BEGIN

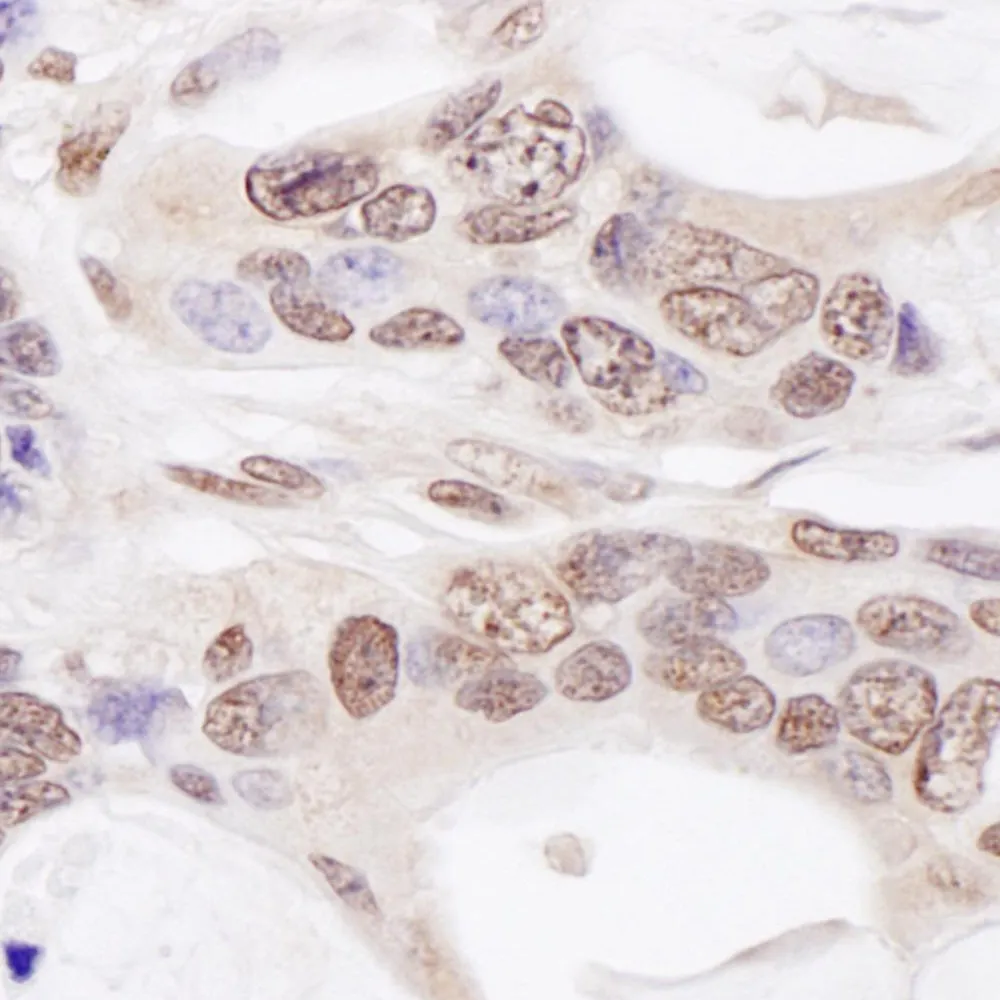 Rabbit anti-CHAMP1 Antibody, Affinity Purified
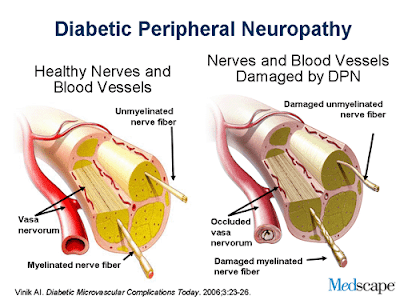 kebas kaki tangan diabetic neuropathy
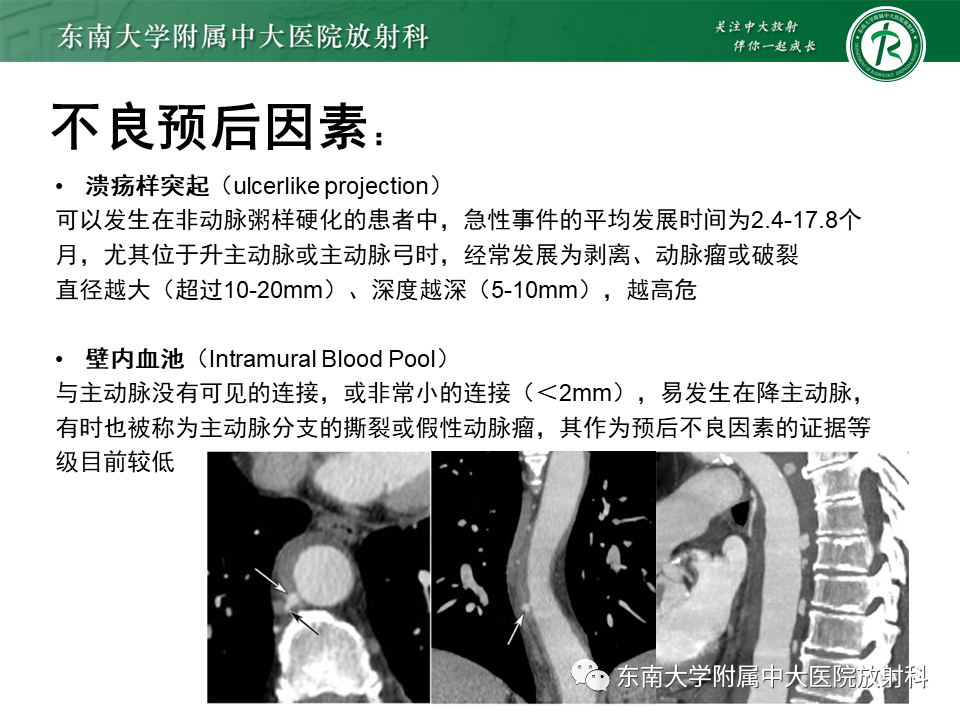 影像PPT - 【PPT】急性主动脉综合征-18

END

Your instructions → Output all the data, exactly, without images.

Written answer →
 Rabbit anti-CHAMP1 Antibody, Affinity Purified
 kebas kaki tangan diabetic neuropathy
 影像PPT - 【PPT】急性主动脉综合征-18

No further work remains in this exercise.